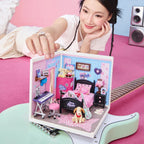 Wooden-Town Bedroom Pop Miniature Room Kit – finished room shown next to a person for scale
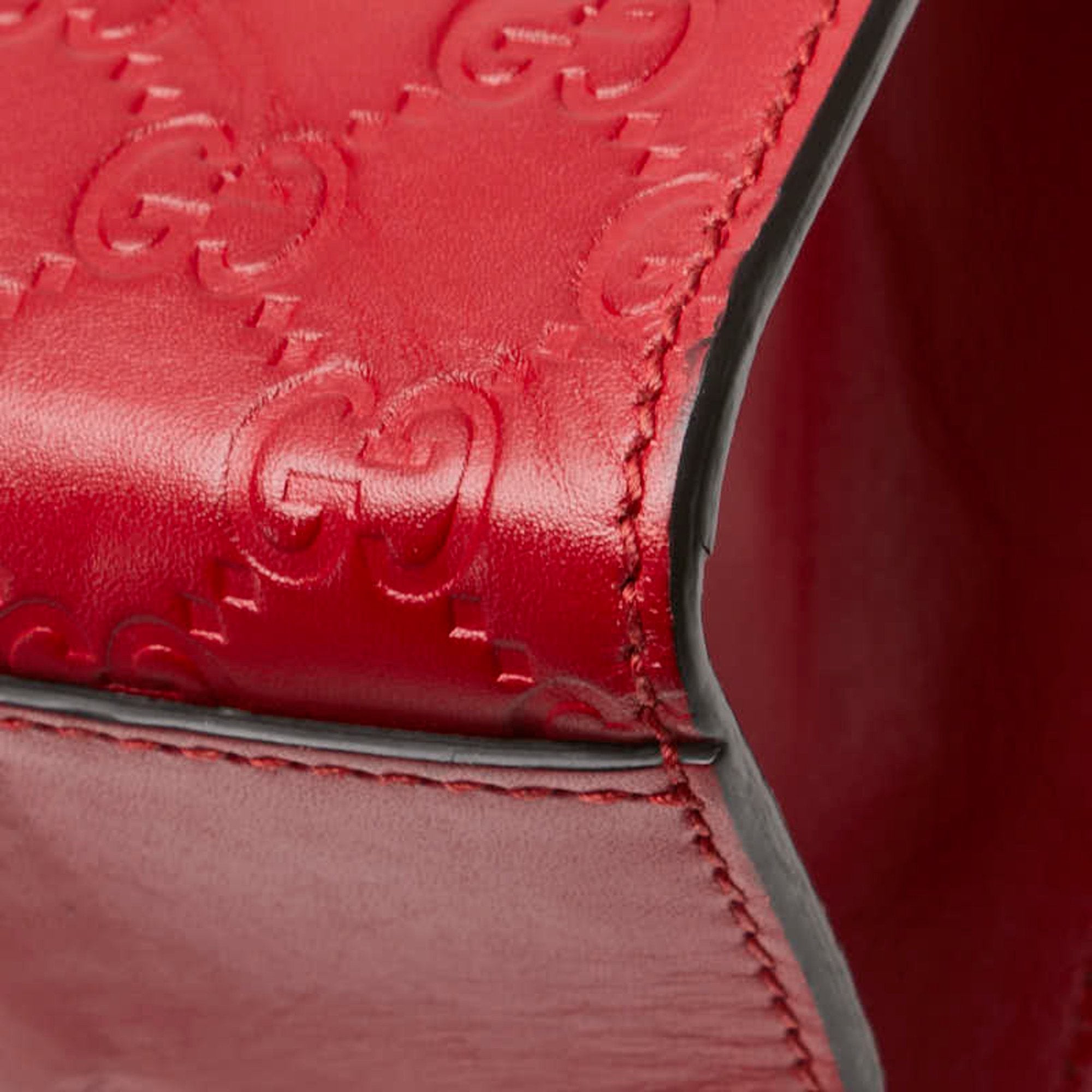 Gucci Padlock Red Color Leather Shoulder Bag (Pre-Owned)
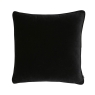 Luxe 43cm Velvet Piped Cushion Black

WHAT IS BEING ASKED | Return the complete data unchanged and include none of the pictures.

THE ANSWER |
 Wooden-Town Bedroom Pop Miniature Room Kit – finished room shown next to a person for scale
 Gucci Padlock Red Color Leather Shoulder Bag (Pre-Owned)
 Luxe 43cm Velvet Piped Cushion Black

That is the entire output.